Casey’s bag of tricks for mystery includes ghost stories and the uncanny, but Hawthorne shows us that there is plenty of space for mystery within realism. There is the faint smile that Mrs. Wakefield believes she sees when she shuts the door, a passing image, but the memory of which recurrs to her often enough that she begins to question whether she’s a widow or not.
In her many musings, she surrounds the original smile with a multitude of fantasies, which make it strange and awful.
And there is a chance meeting on the street where they gaze into each other’s eyes and are kept apart by the crowd. After that one moment
All the miserable strangeness of his life is revealed to him at a glance.

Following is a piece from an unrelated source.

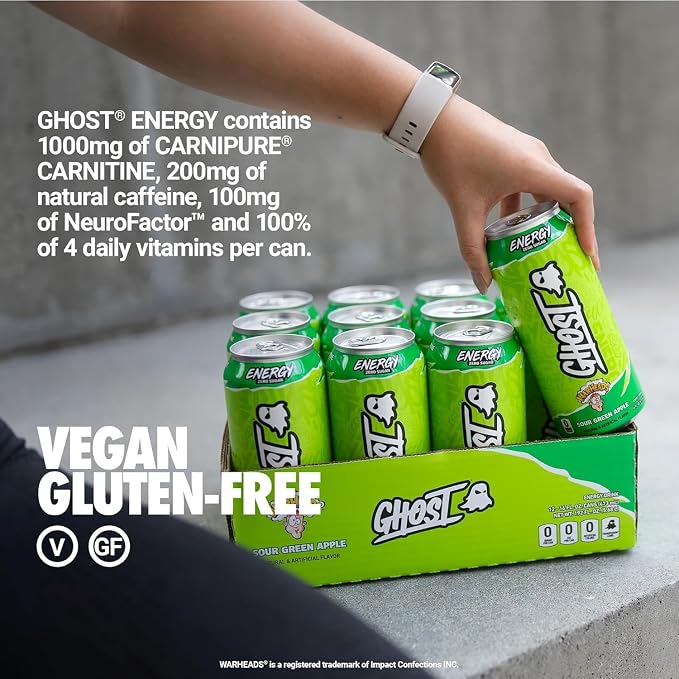 GHOST Energy Drink - Image 5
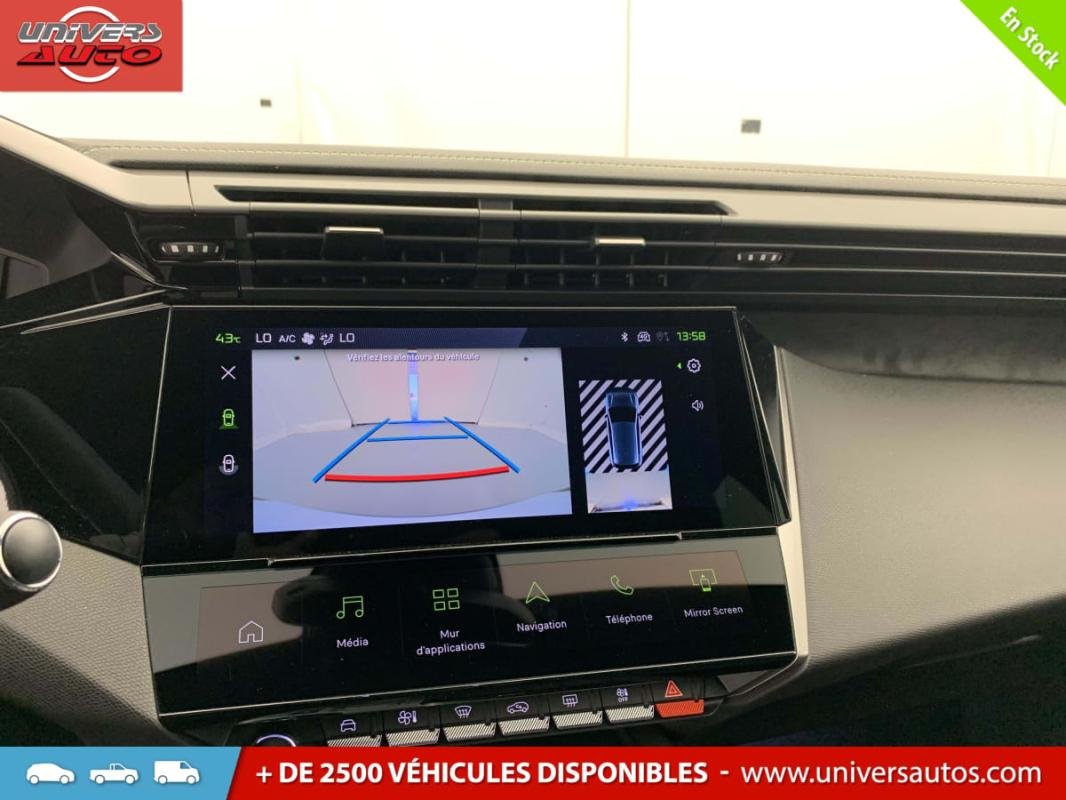 Peugeot 308 - Photo 44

Because it is a Hawthorne story, there has to be some moral that the narrator can pass along to make everyone feel a bit better about their mundane lives:
He would look on the affair as no more than an interlude in the main business of his life. When, after a litle while more, he should deem it time to re-enter his parlor, his wife would clap her hands for joy, on beholding the middle-aged Mr. Wakefield. Alas, what a mistake! Would Time but await the close of our favorite follies, we should be young men, all of us, and till Doom’s Day.
Turns out, this is great writing advice. We wait and wait, convincing ourselves that the timing isn’t right for various and asundry things and time does not wait for us.
Sparks.
Unlike the narrator of Wakefield, I think a lot of people dream about disappearing from their lives. Write into that desire to fade away from responsibilities. Where would your character go? What would they do? What of their past life would they miss?
Or. Write a story that comes across as gossip. The narrator is telling a tale that they heard from someone else. How might you make use of this distance? That is, how does the narrator twist the storytelling for their own purposes?
Revision. Is there enough mystery in your work? How might you add some? Considre: what do your characters stand in awe of? What was their first experience with wonder? How has it shaped them? How might they return to it if they’ve lost their connection to it?
Other tidbits.
Essayists! I often wonder if my musings are useful to you at all. I’ve finally found a great source for you. Cassie Mannes Murray has begun a newsletter called Essay Atlas wherein she maps the structure of essays in detail.
Are you out on submission? Hope to be one day? Here’s a great list of questions to ask an agent when you find yourself on The Call.
Hub City Press is open for unagented Novels until September 30th. Authors need to be Southern-ish. They’ll open for Nonfiction in October.